DASH Shell discussions
 help / color / mirror / Atom feed
* The Greek letter "rho" is considered as two letters
@ 2010-08-07 19:37 Alkis Georgopoulos
  2010-08-07 19:57 ` Alkis Georgopoulos
  0 siblings, 1 reply; 4+ messages in thread
From: Alkis Georgopoulos @ 2010-08-07 19:37 UTC (permalink / raw)
  To: dash

$ touch ρ
$ ls ?
ls: cannot access ?: No such file or directory
$ ls ??
ρ

It happens to some utf-8 characters, but not for all of them.
This might be related:
http://bugs.debian.org/cgi-bin/bugreport.cgi?bug=532302

Please CC me if possible, I'm not on the list.

Kind regards,
Alkis Georgopoulos


^ permalink raw reply	[flat|nested] 4+ messages in thread

* Re: The Greek letter "rho" is considered as two letters
  2010-08-07 19:37 The Greek letter "rho" is considered as two letters Alkis Georgopoulos
@ 2010-08-07 19:57 ` Alkis Georgopoulos
  2010-08-08 12:55   ` ? doesn't match non-ascii characters Alkis Georgopoulos
  2010-08-08 12:56   ` The Greek letter "rho" is considered as two letters Jilles Tjoelker
  0 siblings, 2 replies; 4+ messages in thread
From: Alkis Georgopoulos @ 2010-08-07 19:57 UTC (permalink / raw)
  To: dash

Erm actually this problem happens with all utf8 characters, i.e. dash
does not properly take utf8 characters into account when expanding "?".

$ touch appétit              
$ ls app?tit
ls: cannot access app?tit: No such file or directory
$ ls app??tit
appétit


I'll send another mail about the greek rho problem which occurs only
with redirections.


^ permalink raw reply	[flat|nested] 4+ messages in thread

* Re: ? doesn't match non-ascii characters
  2010-08-07 19:57 ` Alkis Georgopoulos
@ 2010-08-08 12:55   ` Alkis Georgopoulos
  2010-08-08 12:56   ` The Greek letter "rho" is considered as two letters Jilles Tjoelker
  1 sibling, 0 replies; 4+ messages in thread
From: Alkis Georgopoulos @ 2010-08-08 12:55 UTC (permalink / raw)
  To: dash

I've changed the title because it was misleading
(was: "The Greek letter "rho" is considered as two letters").

Repeating the problem,

$ touch appétit              
$ ls app?tit
ls: cannot access app?tit: No such file or directory
$ ls app??tit
appétit

I.e. double-byte utf-8 characters need two "?" to be matched.,
triple-byte utf-8 characters (e.g. ἀ) need three "?" to be matched etc.
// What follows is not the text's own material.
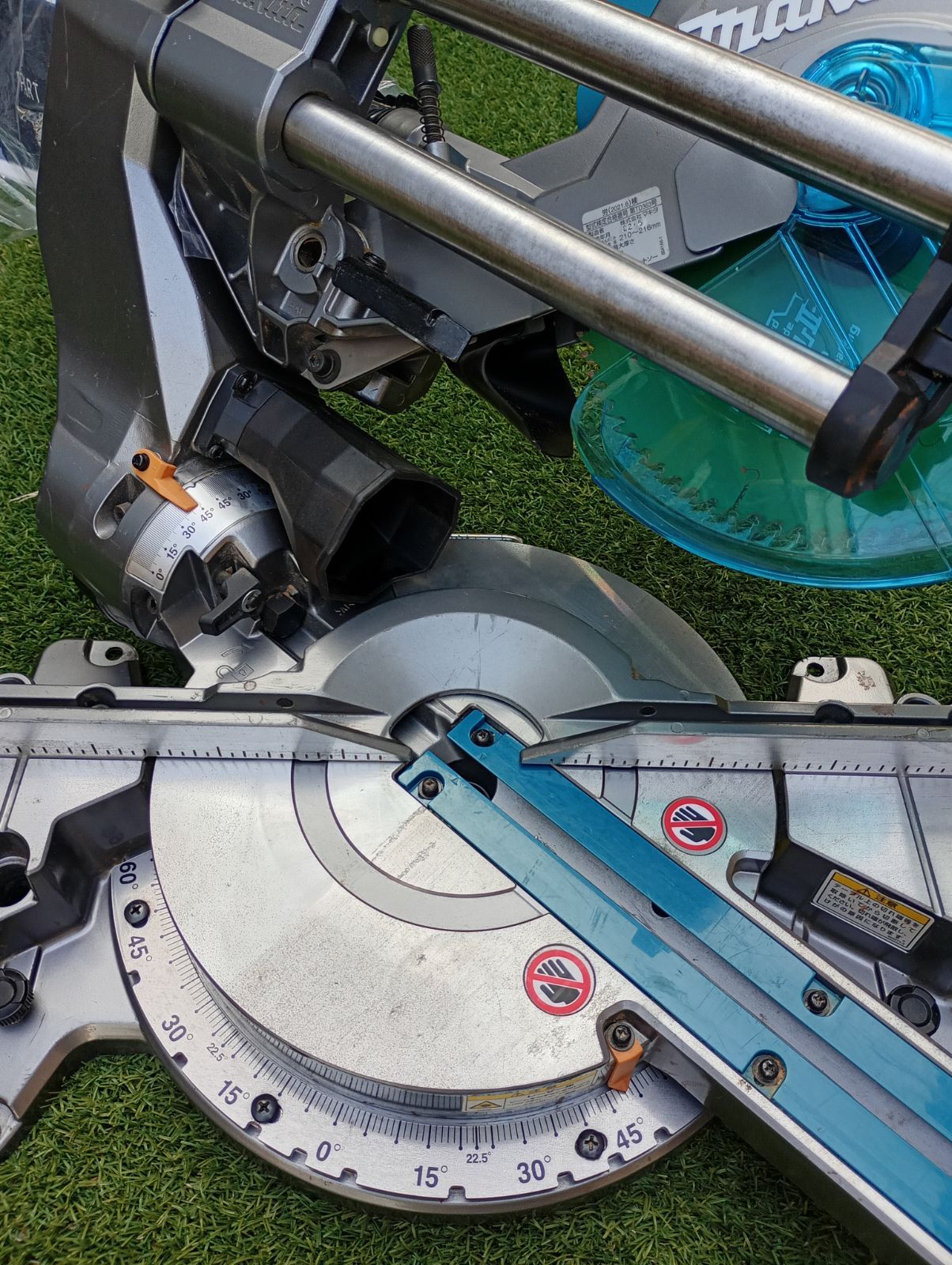 ☆マキタ最新モデル216㎜充電式スライドマルノコ マキタ】1尺材が一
^ permalink raw reply	[flat|nested] 4+ messages in thread

* Re: The Greek letter "rho" is considered as two letters
  2010-08-07 19:57 ` Alkis Georgopoulos
  2010-08-08 12:55   ` ? doesn't match non-ascii characters Alkis Georgopoulos
@ 2010-08-08 12:56   ` Jilles Tjoelker
  1 sibling, 0 replies; 4+ messages in thread
From: Jilles Tjoelker @ 2010-08-08 12:56 UTC (permalink / raw)
  To: Alkis Georgopoulos; +Cc: dash

On Sat, Aug 07, 2010 at 10:57:12PM +0300, Alkis Georgopoulos wrote:
> Erm actually this problem happens with all utf8 characters, i.e. dash
> does not properly take utf8 characters into account when expanding "?".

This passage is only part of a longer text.